Because U.S.-based technology giants like Google, Facebook, and Twitter have users and in many cases a physical presence in Europe, they must comply with local laws. The "right to be forgotten" would force Facebook and Twitter to remove any data it had on you, as well as Google removing results from its search engine. It would also extraterritorially affect users worldwide outside the European Union who would also be unable to search for those removed search terms.
Such Web companies have said (and lobbied to that effect) that the "right to be forgotten" should not allow data to be removed or manipulated at the expense of freedom of speech. This, however, does not stop with republished material and other indexed content, and most certainly does not apply to European law enforcement and intelligence agencies.
Two continents, separated by 'free' and 'fair speech'
The U.S. and the EU have never seen eye-to-eye on data protection and privacy. For Americans and U.S.-based companies, the belief is that crossover between freedom of speech and privacy overlaps in "a form of censorship," according to Google's lawyers speaking during the Spanish court case.

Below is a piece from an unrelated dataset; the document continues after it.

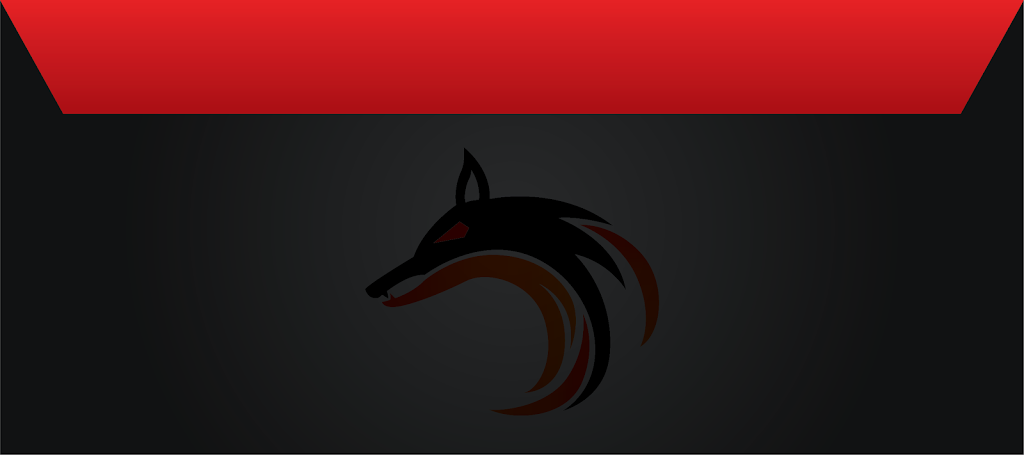 Entrefox Llc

In the U.S., you can freely say the most appalling words, so long as they don't lead to a crime or violence against a person or a group of people. In European countries such as the U.K. words can lead to instant arrest. Europe's laws allow for "fair speech" in order to prevent harassment, fear of violence, or even alarm and distress. It's a dance between the American tradition of protecting the individual and the European tradition of protecting society.
Google is fundamentally so very American in this regard. That said, Google already filters and censors its own search results at the behest of governments and private industry, albeit openly and transparently. Google will agree to delete links that violate copyrights under the Digital Millennium Copyright Act, which seeks to remove content from Google's search results that may facilitate copyright infringement.
Google also complies, when forced by a court, with numerous types of government requests, not limited to subpoenas, search warrants, and National Security Letters, or so-called 'gagging orders'. It also discloses those requests and when it complies with them. And it's a system not that dissimilar to what it's being asked to do in Europe.
Whose jurisdiction is Google under: U.S., EU, or both?
While Europe's privacy principles apply to the Web, it's unclear whether they apply to data "controllers" established outside of the European Union. But several European court cases have sided with local law. A German court found that Facebook fell under Irish law because the social networking company had a physical presence in Ireland, another EU member state. In Google's case, Spanish authorities are making a similar argument, claiming that Google is processing data in a European state and therefore EU law should apply.
Many American companies have voiced their objections to the proposed EU privacy law, including Amazon, eBay, Yahoo, according to a lobbying watchdog. It could still take a year or two for the law to be ratified.
"Exempting non-EU companies from our data protection regulation is not on the table. It would mean applying double standards," said Europe's Justice Commissioner Viviane Reding, the top politician in Europe on data protection and privacy rules in the region, in an interview with the Financial Times of London.
The new EU Data Protection Regulation, proposed by the European Commission and currently being debated in the European Parliament, will likely be voted on by June.
But this fight isn't as much about censorship as one might think. It's about a cultural difference between two continents and perspectives on what freedom of speech can and should be. It's also about privacy, and whether privacy or free speech is more important.